_SUPPLIED INFORMATION_

▬▬▬▬▬▬

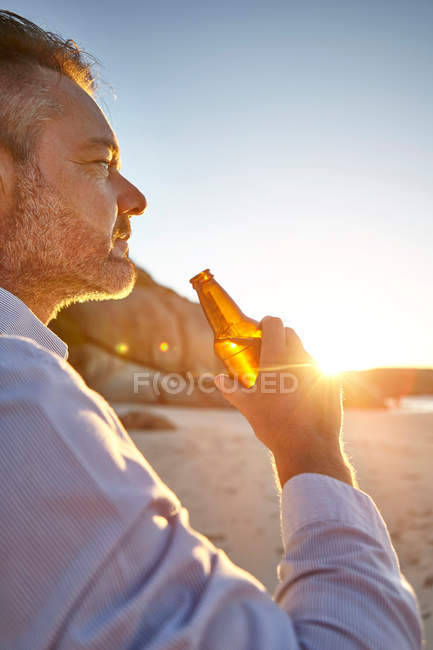 Homme tenant une bouteille de bière — Photo de stock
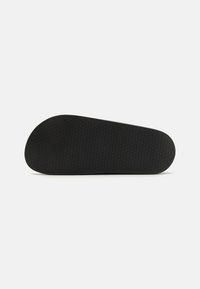 Black shoe sole featuring a textured hexagonal pattern, smooth edges, and a rounded toe for grip and comfort.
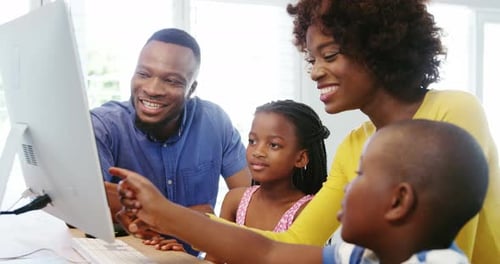 Happy family using desktop computer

▬▬▬▬▬▬

_AIM OF THE TASK_
Retype the listing verbatim, minus every image.

_TASK ANSWER_
 Homme tenant une bouteille de bière — Photo de stock
 Black shoe sole featuring a textured hexagonal pattern, smooth edges, and a rounded toe for grip and comfort.
 Happy family using desktop computer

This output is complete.